**EXERCISE INPUTS**
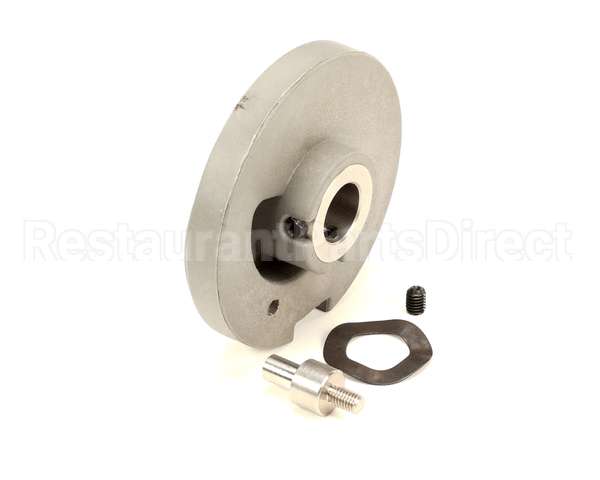 XSSL5231 Vollrath Kit - Gauge Plate Cam And Pin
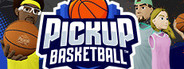 Pickup Basketball VR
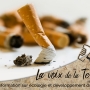 L´un des déchets les plus polluants:  les mégots de cigarettes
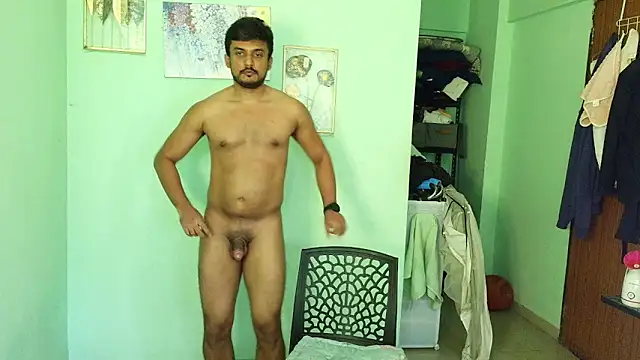 daringcutie online show from 04/30/26, 08:20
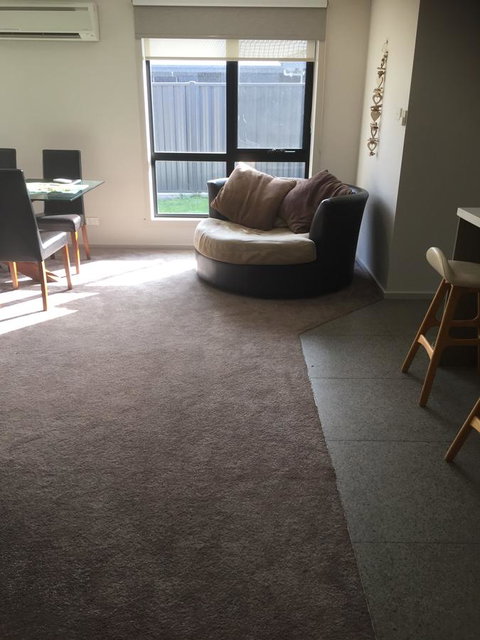 Euphoria House - Phillip Island Accommodation 2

**EXERCISE GOAL**
Extract the full listing above verbatim; pictures are to be left out of the copy.

**ANSWER FOR THE TASK**
 XSSL5231 Vollrath Kit - Gauge Plate Cam And Pin
 Pickup Basketball VR
 L´un des déchets les plus polluants:  les mégots de cigarettes
 daringcutie online show from 04/30/26, 08:20
 Euphoria House - Phillip Island Accommodation 2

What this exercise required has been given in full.